Re: Re: Re: Re: Re: Clarification about African trade (fwd)

2000-05-12 Thread Jim Devine


I agree with Micheal. Workers earning their livings in sweatshops do not 
even get a living wage. Let's not make the situation look better. 
Particulary, women workers are more vulnerable to exploitation in this 
process.It is true that most of the women in this part of the world come 
to cities to find jobs in order to escape themselves from old fashioned 
rural patriarchy. Yes, they prefer to work in Nike rather than in rice 
fields. What happens is that they are now exploited by capitalist bosses 
who use them as slave labor.

Brad writes:
But they're better off than they would be if they weren't exploited by 
capitalist bosses, right? Didn't Joan Robinson understand this?

Though her book with that epigram in it is in a box somewhere and I can't 
verify this, Robinson was referring to the case of being employed (and 
exploited) by capitalists vs. being unemployed.

The fact that being exploited is more pleasant than being unemployed is one 
of the bases for capitalist exploitation of workers. People wouldn't put up 
with exploitation if not threatened by competition from the reserve army of 
labor (and the fear of being drafted into that army). If being unemployed 
became more pleasant (or equally pleasant), exploitation of labor by 
capital would likely stop. Capitalists and their ideologists -- e.g., 
economist Martin Feldstein -- are quite aware of this and want to make sure 
that unemployment insurance and the like don't undermine workers' 
proletarian status (though they don't think of these matters in these 
terms). (Feldstein lobbied for, and won, the taxing of unemployment 
insurance benefits in the U.S.) In the longer run, of course, if the degree 
of exploitation is reduced, that dampens the rate of accumulation, 
restoring the reserve army of labor and exploitation (as Marx points out in 
volume I, chapter 25, of CAPITAL).  (In the medium run, in an economy with 
fiat money, inflation is encouraged by this situation.)

There's another interpretation which might be true to Robinson, since she's 
referring to poorer, dependent and agricultural, countries in East Asia a 
couple of decades ago. She may be comparing the situation of being 
exploited by capitalists vs. being in the "traditional" rural sector.

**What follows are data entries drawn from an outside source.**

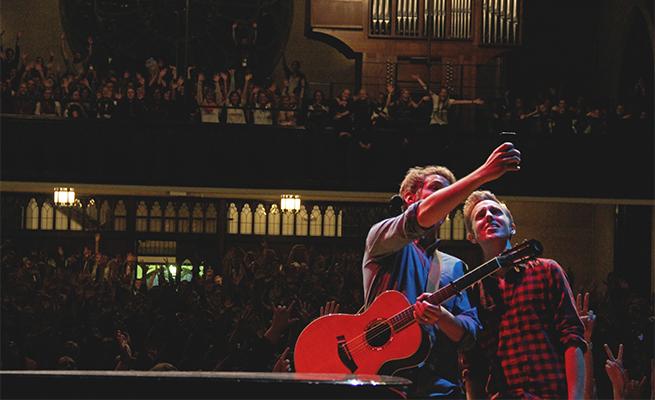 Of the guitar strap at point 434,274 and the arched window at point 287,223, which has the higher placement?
the guitar strap at point 434,274

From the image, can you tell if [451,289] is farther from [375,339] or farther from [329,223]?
[329,223]

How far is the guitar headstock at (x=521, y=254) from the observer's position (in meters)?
4.27

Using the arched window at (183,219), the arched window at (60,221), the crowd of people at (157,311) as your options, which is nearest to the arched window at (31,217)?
the arched window at (60,221)

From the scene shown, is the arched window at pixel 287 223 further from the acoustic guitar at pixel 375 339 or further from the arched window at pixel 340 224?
the acoustic guitar at pixel 375 339

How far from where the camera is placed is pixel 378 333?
459cm

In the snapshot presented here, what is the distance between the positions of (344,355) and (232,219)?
15.6 meters

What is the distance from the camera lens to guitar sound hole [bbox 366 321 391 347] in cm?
457

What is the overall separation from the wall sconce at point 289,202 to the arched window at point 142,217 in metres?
3.15

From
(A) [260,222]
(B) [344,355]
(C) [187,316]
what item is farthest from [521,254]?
(A) [260,222]

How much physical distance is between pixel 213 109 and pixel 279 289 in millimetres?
3926

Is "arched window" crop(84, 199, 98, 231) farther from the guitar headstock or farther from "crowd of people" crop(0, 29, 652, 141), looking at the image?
the guitar headstock

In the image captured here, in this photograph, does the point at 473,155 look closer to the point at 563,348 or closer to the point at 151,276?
the point at 151,276

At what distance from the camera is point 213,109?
17.5 m

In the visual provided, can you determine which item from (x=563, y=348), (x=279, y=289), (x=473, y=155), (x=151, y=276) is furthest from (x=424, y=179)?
(x=151, y=276) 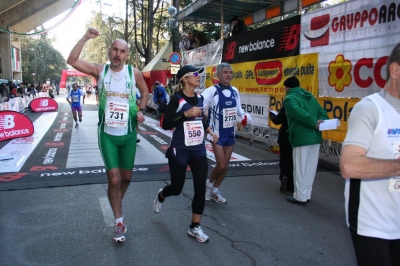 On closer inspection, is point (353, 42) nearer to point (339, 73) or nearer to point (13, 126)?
point (339, 73)

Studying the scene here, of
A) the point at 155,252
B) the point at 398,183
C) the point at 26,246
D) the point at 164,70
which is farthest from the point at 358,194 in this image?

But that interpretation has some problems. If I remember correctly, she was 
imbued by the then-fashionable urban bias of development economists (one 
that Brad typically rejects), though she thought that the problems of the 
countryside could be solved not by urbanization but by a Maoist strategy. 
This urban bias included Nobel Prize-winning economist W. Arthur Lewis' 
fallacious notion that traditional peasants had a zero marginal product of 
labor in agriculture, so that they could be shifted to the "modern" sector 
with little or no cost and lots of benefits.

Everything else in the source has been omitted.